(clojure.contrib.lazy-seqs/combinations) should return [[]], not nil?

1 view
Skip to first unread message

Jason Wolfe

unread,
Jan 21, 2009, 8:34:30 PM1/21/09
to Clojure
I just got bit by (clojure.contrib.lazy-seqs/combinations) returning
nil, not [[]] as I expected. I could see arguments for either being
the "correct" output, but let me give my case for [[]].

In my mind, asking what the output of (combinations) should be is
completely analogous to asking what the value of 0^0 should be.
Either 0 or 1 seems defensible, but the accepted answer is 1 (for
reasons I won't go into here). Similarly, Clojure (*) ==> 1.

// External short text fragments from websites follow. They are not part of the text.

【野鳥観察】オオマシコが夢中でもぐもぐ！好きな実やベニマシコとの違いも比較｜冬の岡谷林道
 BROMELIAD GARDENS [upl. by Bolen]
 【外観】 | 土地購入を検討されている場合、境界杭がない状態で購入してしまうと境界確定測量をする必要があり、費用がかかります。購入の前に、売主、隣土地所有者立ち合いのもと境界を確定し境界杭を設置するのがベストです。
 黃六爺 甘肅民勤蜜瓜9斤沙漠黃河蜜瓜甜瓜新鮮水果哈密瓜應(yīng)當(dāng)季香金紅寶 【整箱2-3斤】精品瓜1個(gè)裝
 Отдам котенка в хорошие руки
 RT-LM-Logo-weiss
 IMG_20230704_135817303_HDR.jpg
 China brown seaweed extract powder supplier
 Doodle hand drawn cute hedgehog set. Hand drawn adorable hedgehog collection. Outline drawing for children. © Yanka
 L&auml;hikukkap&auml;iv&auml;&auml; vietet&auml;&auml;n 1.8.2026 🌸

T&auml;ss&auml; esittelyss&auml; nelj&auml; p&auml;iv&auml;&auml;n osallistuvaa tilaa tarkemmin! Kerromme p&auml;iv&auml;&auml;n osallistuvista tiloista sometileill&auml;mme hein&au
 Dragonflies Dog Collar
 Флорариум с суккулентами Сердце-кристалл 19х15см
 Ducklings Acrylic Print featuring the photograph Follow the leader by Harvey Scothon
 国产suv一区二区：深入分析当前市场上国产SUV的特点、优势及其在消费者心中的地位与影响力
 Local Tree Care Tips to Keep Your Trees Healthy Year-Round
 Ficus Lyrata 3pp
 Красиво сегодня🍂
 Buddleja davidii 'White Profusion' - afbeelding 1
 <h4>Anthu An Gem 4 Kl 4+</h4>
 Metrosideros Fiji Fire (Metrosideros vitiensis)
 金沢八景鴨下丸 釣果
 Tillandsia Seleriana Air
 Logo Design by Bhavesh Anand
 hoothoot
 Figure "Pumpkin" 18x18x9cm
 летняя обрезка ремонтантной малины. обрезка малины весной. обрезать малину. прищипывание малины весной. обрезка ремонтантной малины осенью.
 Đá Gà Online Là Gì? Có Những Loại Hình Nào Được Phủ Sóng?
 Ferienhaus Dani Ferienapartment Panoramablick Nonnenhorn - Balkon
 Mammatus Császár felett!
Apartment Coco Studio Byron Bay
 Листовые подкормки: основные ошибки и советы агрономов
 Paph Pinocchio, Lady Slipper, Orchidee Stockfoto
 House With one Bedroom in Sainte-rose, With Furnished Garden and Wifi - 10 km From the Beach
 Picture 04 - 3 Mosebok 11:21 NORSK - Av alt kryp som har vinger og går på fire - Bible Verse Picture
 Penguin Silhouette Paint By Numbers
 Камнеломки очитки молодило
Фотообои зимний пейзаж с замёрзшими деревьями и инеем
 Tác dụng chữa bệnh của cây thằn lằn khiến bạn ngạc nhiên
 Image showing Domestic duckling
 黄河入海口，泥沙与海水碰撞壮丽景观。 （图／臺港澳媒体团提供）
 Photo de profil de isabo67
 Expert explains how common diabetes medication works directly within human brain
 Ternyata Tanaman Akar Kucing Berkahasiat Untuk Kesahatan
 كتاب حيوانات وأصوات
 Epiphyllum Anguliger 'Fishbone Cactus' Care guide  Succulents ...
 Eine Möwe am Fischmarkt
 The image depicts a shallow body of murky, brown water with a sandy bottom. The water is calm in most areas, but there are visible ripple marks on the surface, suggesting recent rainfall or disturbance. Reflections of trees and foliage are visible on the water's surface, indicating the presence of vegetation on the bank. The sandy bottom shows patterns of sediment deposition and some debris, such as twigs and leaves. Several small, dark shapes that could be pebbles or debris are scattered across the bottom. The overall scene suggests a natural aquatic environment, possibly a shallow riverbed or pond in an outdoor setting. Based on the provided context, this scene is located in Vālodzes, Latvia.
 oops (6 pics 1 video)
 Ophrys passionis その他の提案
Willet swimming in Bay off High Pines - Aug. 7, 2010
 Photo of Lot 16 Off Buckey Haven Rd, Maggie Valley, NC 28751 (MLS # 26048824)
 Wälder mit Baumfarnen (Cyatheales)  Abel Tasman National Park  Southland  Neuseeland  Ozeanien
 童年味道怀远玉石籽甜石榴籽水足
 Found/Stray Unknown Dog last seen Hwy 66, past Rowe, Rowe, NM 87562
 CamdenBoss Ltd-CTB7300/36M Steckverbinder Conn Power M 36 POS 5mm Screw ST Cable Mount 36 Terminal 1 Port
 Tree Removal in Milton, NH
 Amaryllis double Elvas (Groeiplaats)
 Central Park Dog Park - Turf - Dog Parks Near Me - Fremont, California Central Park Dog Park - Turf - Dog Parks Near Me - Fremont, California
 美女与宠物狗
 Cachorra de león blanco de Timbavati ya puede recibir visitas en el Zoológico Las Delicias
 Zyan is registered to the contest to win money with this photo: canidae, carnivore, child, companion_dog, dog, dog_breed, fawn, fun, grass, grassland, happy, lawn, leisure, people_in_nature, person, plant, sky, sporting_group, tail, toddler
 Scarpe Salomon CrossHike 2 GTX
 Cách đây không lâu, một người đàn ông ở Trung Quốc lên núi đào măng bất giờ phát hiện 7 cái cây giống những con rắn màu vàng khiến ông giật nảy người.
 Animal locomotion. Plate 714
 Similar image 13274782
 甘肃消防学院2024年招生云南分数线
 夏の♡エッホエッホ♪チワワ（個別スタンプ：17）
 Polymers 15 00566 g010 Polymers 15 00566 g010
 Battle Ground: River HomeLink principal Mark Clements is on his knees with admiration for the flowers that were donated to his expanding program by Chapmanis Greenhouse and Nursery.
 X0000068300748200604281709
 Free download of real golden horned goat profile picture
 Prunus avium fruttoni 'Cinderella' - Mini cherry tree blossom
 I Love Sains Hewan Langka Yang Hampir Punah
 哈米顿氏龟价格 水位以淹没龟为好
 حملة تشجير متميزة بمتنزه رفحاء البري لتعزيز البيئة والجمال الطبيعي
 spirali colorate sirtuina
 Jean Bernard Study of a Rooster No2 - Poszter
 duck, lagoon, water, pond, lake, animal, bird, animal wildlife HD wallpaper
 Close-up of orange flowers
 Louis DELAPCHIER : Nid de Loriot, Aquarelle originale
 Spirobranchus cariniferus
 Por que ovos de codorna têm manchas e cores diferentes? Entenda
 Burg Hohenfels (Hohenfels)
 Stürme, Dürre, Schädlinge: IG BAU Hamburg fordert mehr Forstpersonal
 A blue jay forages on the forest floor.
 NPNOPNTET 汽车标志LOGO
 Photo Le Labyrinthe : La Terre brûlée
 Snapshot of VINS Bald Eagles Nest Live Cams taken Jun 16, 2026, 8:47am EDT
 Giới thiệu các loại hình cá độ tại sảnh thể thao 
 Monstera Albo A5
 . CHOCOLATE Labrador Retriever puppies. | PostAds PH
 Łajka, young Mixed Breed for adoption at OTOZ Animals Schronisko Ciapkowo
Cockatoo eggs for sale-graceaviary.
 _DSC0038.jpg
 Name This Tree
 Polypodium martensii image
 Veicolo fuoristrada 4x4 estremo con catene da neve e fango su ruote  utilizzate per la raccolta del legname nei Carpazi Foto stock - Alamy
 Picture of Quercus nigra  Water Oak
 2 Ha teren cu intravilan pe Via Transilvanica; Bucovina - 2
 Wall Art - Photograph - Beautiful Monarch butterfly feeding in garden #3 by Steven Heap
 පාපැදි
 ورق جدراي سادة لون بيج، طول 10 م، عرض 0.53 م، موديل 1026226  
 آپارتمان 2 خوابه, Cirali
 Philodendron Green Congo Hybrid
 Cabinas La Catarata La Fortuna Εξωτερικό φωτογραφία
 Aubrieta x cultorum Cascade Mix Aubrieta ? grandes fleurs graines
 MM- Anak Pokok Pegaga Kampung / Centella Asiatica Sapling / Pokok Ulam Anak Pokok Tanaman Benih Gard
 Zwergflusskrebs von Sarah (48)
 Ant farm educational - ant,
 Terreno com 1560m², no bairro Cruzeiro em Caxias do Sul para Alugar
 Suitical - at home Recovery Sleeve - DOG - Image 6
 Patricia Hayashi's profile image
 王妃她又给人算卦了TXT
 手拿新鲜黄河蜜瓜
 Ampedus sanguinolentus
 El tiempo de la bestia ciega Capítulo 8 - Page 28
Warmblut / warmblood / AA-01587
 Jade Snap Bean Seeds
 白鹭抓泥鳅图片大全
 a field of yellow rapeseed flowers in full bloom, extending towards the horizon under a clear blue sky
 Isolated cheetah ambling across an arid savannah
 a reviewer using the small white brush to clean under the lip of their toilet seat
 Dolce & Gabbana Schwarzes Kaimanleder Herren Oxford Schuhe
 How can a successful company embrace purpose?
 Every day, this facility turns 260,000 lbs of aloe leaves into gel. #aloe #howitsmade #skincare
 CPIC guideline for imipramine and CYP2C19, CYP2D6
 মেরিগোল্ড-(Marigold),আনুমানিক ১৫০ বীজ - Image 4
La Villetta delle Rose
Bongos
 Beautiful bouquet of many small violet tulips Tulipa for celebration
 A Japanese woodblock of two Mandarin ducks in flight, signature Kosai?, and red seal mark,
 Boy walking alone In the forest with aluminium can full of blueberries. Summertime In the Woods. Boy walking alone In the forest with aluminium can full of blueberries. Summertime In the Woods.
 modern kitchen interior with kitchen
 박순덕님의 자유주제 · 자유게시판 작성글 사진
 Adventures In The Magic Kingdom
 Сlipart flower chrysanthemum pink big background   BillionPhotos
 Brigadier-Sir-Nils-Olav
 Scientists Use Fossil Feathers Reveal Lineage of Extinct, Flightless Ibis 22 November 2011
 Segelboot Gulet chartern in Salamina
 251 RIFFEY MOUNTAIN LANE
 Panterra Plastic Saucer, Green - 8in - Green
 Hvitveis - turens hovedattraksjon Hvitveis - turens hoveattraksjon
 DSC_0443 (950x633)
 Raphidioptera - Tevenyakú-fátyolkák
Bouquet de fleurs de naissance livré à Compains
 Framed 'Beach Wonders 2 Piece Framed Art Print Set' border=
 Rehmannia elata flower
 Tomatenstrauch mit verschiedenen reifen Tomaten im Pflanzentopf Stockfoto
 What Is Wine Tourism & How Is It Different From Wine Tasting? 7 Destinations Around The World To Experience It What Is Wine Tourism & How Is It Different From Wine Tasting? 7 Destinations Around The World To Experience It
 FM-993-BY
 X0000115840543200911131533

If you don't see the connection, note that for all non-empty seqs of
seqs "args",
(= (count (apply combinations args)) (apply * (map count args))).

If (= (combinations) [[]]), then this would hold always. Plus, this
is what would make it work in my application. I can go into more
details if you like, but the basic idea use case is finding the set of
all allowed variable bindings, given a possible set of possible values
for each variable. If there are no variables, this set should consist
of the single "empty binding" rather than "no bindings possible".

Will anyone sign off on adding this as a clojure.contrib issue?

Thanks,
Jason

Jason Wolfe

unread,
Jan 23, 2009, 12:53:16 PM1/23/09
to Clojure
Just to clarify: I dont' care what the type of the output is. I guess
(seq [[]]) would actually be more consistent with the existing
function. The point is that the output of 0-arg combinations should
be a seq containing an empty vector (or whatever other types, I don't
care), not an empty seq.

Anyone willing to sign off??

Stephen C. Gilardi

unread,
Jan 23, 2009, 1:11:06 PM1/23/09
to clo...@googlegroups.com

On Jan 23, 2009, at 12:53 PM, Jason Wolfe wrote:

> Just to clarify: I dont' care what the type of the output is. I guess
> (seq [[]]) would actually be more consistent with the existing
> function. The point is that the output of 0-arg combinations should
> be a seq containing an empty vector (or whatever other types, I don't
> care), not an empty seq.
>
> Anyone willing to sign off??

Please do enter it as an issue. I'd be interested in hearing from
Chouser before making the change. He added combinations to lazy-seqs.

Thanks!

--Steve

Stephen C. Gilardi

unread,
Jan 23, 2009, 1:23:56 PM1/23/09
to clo...@googlegroups.com

On Jan 23, 2009, at 1:11 PM, Stephen C. Gilardi wrote:

> I'd be interested in hearing from Chouser before making the change.
> He added combinations to lazy-seqs.

I think it's quite cool that simply removing the "when" accomplishes
this.

--Steve

Jason Wolfe

unread,
Jan 23, 2009, 1:29:17 PM1/23/09
to clo...@googlegroups.com

Yes, exactly :) Returning nil for no-args was "hacked on" in a sense,
in that the loop would have naturally done the "right thing" otherwise.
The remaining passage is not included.